EXERCISE AIM: Every line from the one with "For example, researchers" through the final line of the data below goes in the answer, copied exactly. Pictures do not.

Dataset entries
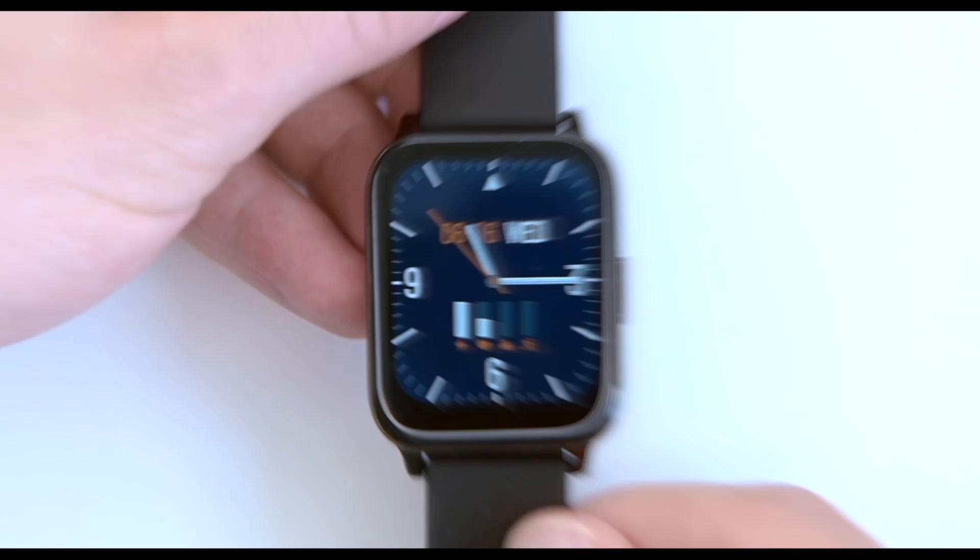It's true that smartwatches can be expensive if you go with the more popular brands like Apple, Garmin, or Samsung. But value can be found too if you know where to look. I found the new P36 budget smartwatch, which provides real quality without the price tag.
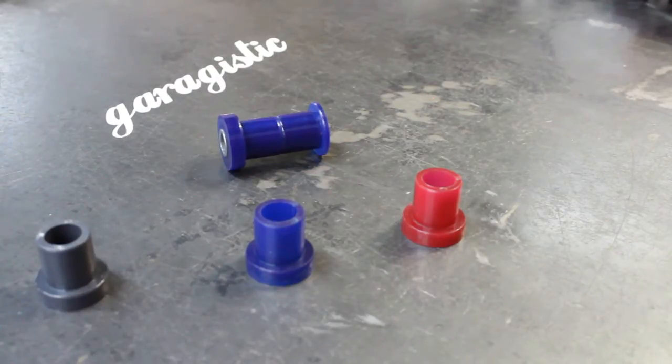Today we're talking about rear trailing arm bushings, specifically for your E30, your Z3, your 2002, your M Coupe. They all take the same rear trailing arm bushing, similar to this one. It basically replaces the OEM part number 333-290-61945.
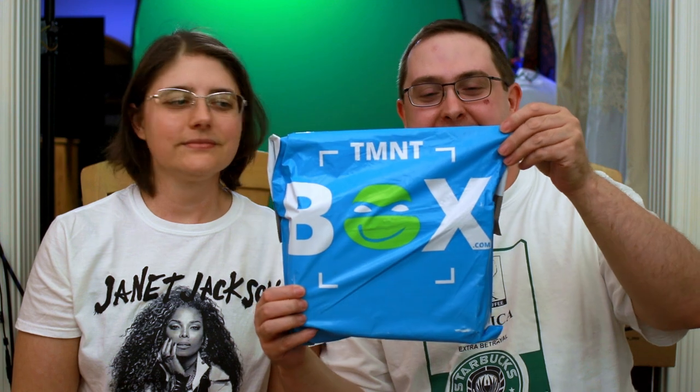Hey everybody, welcome back! Unboxing time. Mary's here. It's not lootware — we're here for the June 2018 TMNT box bag.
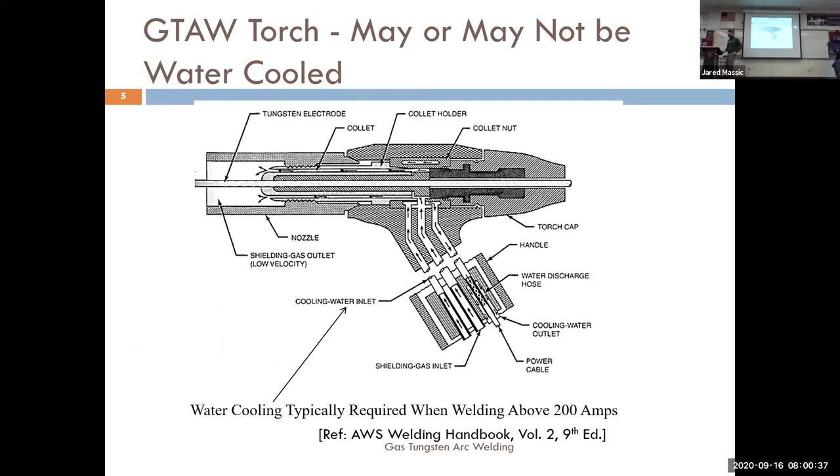This is your water-cooled torch — again there are blanks on your paper you can fill in. I like this cutaway view because you can actually see the collet body and the collet and how the back cap is pushing in to pinch down on the tungsten. Sometimes when you're welding and your tungsten keeps falling out, it's because of that mechanic — the tungsten is not being gripped by the collet into the collet body.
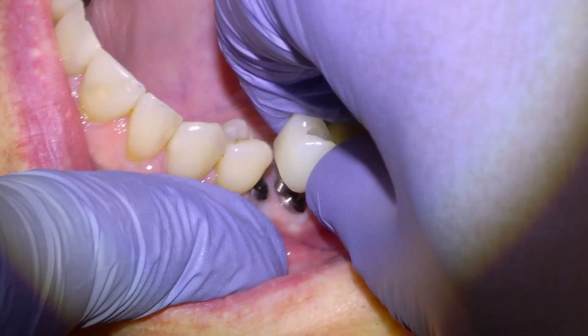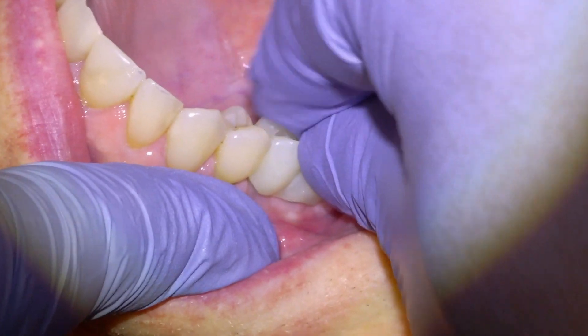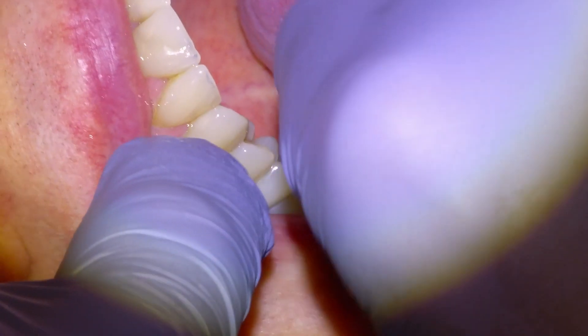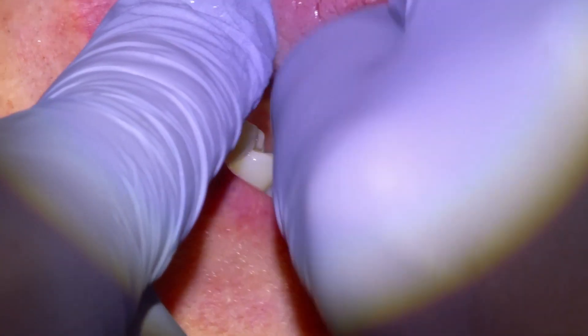We'll essentially just take our bridge, place it onto the implants, and screw it down. The next little bit is just going to be tightening down the bridge with this little finger driver first and then with our torque wrench.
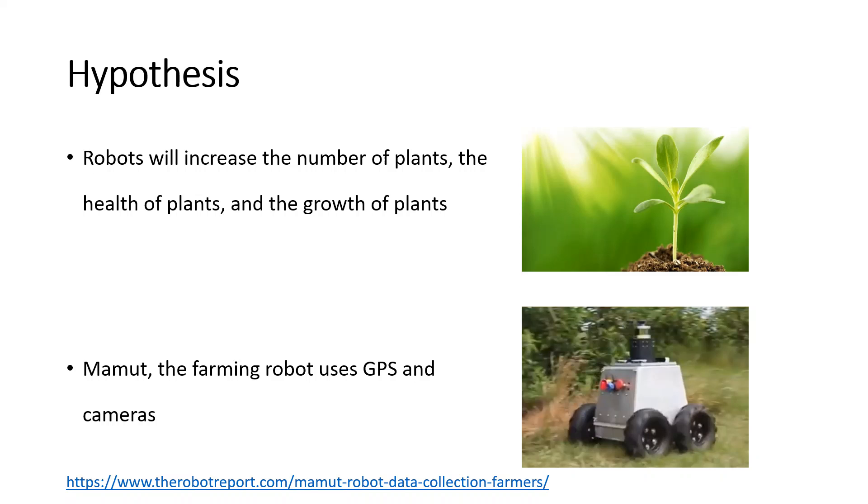For example, researchers have developed a robot, MAMYA, which has GPS and cameras to track plant growth in large farms, which is showing good results.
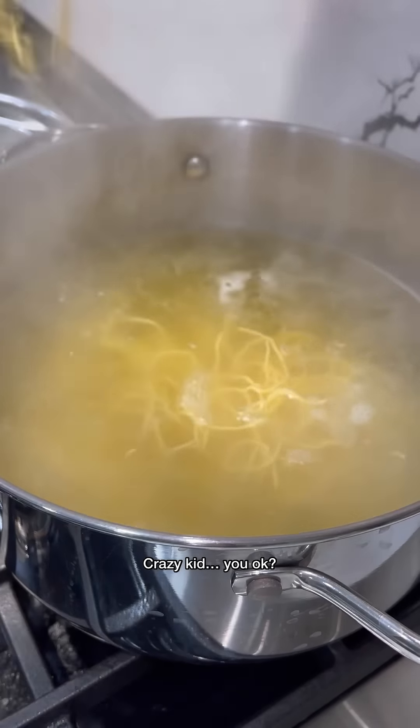We're heating up some sesame oil. Now we're gonna sauté our onions and cabbage. Once there's some color, add your celery. I cooked this for about one minute, then I'm gonna add the chow mein noodles and combine everything well.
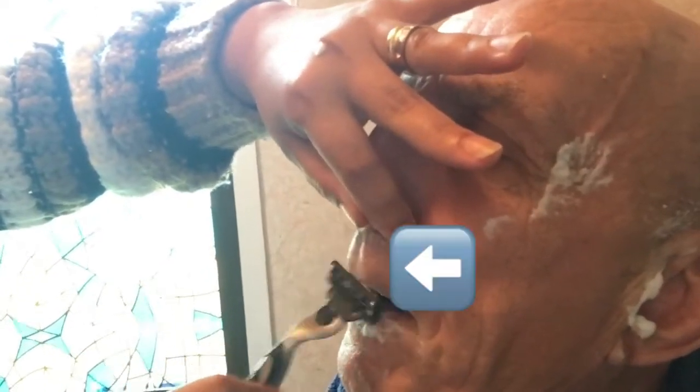The other side now. Make sure that he won't look like Hitler — make sure you shave the hair in this area, the upper lip. Oh dear.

TASK OUTPUT:
For example, researchers have developed a robot, MAMYA, which has GPS and cameras to track plant growth in large farms, which is showing good results.
We're heating up some sesame oil. Now we're gonna sauté our onions and cabbage. Once there's some color, add your celery. I cooked this for about one minute, then I'm gonna add the chow mein noodles and combine everything well.
The other side now. Make sure that he won't look like Hitler — make sure you shave the hair in this area, the upper lip. Oh dear.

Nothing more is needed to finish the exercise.